(EXERCISE)
Though the entries hold pictures, only their text should be duplicated, exactly and in full.

(DATA EXCERPTS)

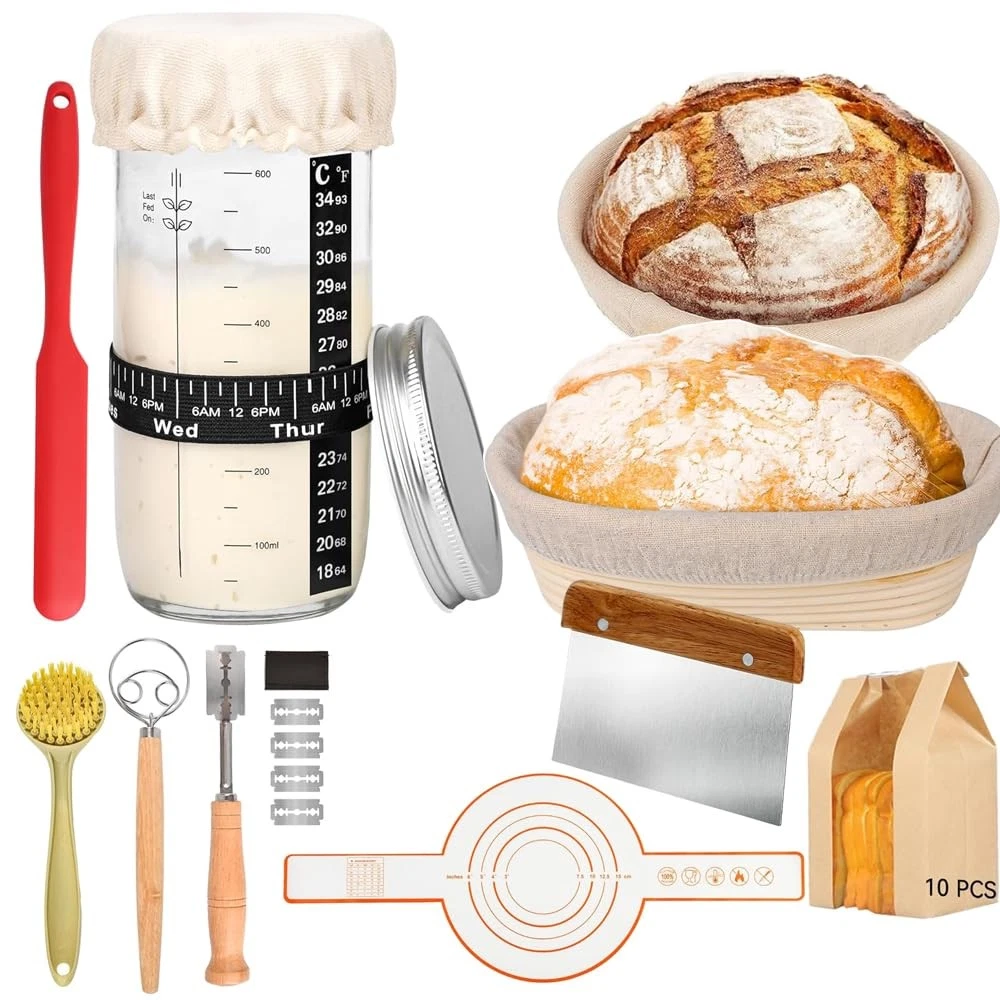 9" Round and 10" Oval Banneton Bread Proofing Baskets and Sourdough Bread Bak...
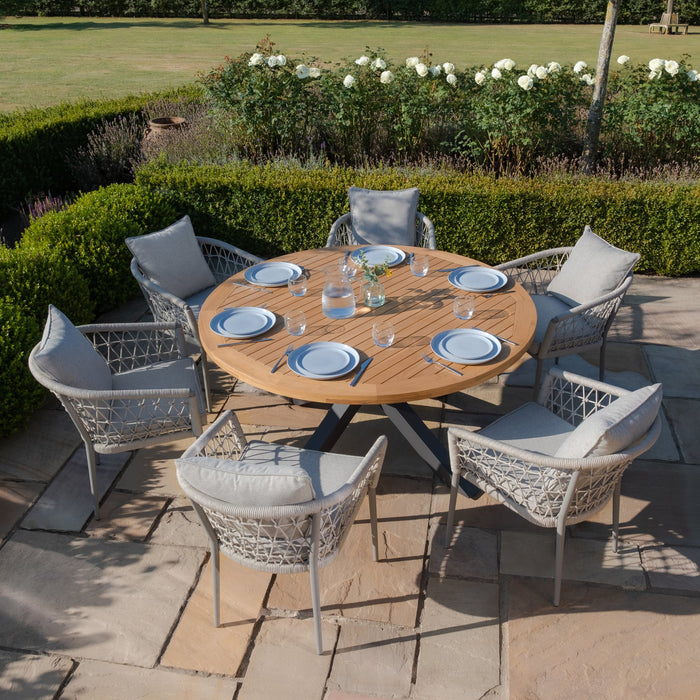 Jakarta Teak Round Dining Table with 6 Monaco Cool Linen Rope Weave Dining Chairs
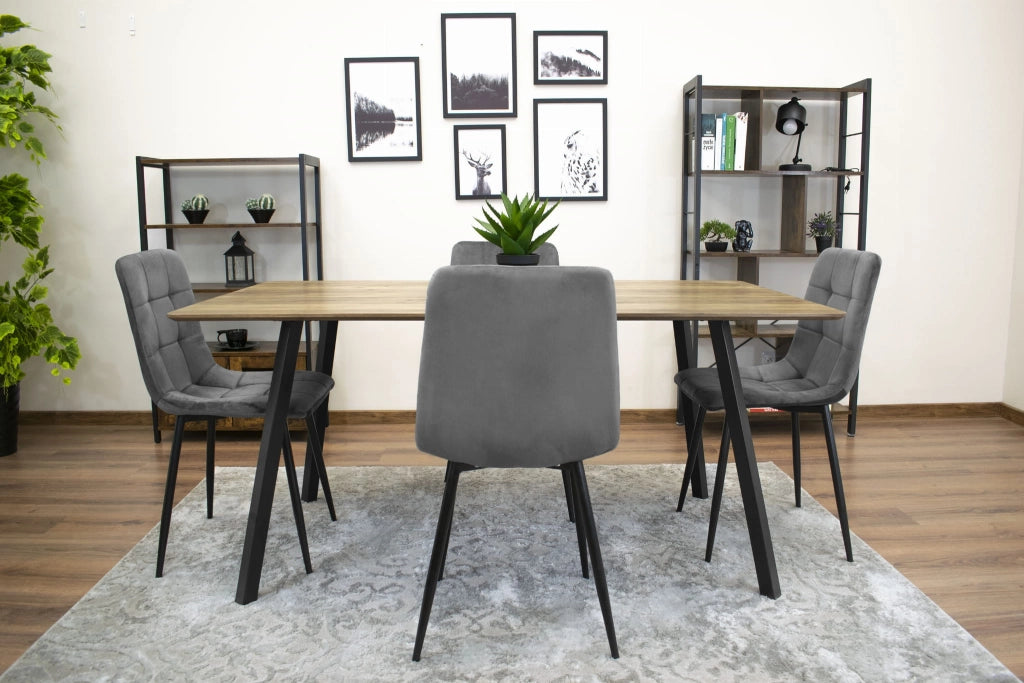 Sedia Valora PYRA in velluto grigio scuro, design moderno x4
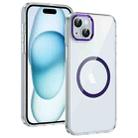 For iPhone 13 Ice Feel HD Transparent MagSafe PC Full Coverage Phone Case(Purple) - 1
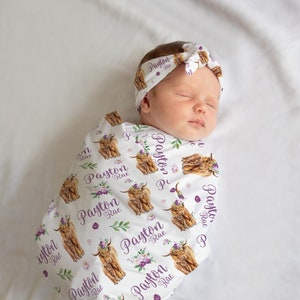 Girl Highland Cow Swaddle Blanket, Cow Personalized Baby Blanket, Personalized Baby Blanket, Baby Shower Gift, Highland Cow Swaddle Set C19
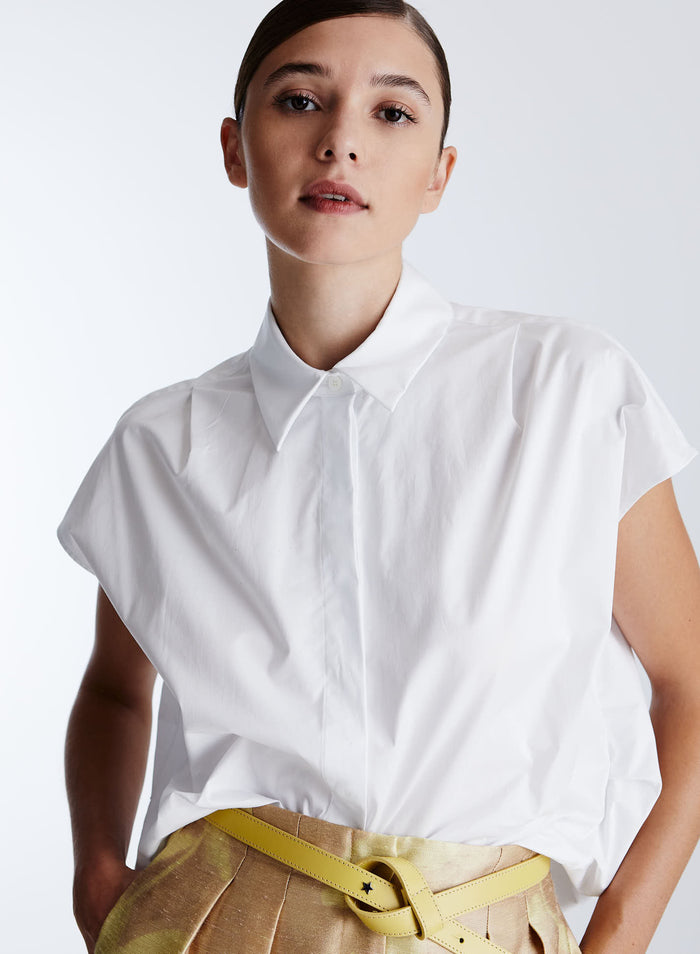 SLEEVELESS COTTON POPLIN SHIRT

(TASK ANSWER)
 9" Round and 10" Oval Banneton Bread Proofing Baskets and Sourdough Bread Bak...
 Jakarta Teak Round Dining Table with 6 Monaco Cool Linen Rope Weave Dining Chairs
 Sedia Valora PYRA in velluto grigio scuro, design moderno x4
 For iPhone 13 Ice Feel HD Transparent MagSafe PC Full Coverage Phone Case(Purple) - 1
 Girl Highland Cow Swaddle Blanket, Cow Personalized Baby Blanket, Personalized Baby Blanket, Baby Shower Gift, Highland Cow Swaddle Set C19
 SLEEVELESS COTTON POPLIN SHIRT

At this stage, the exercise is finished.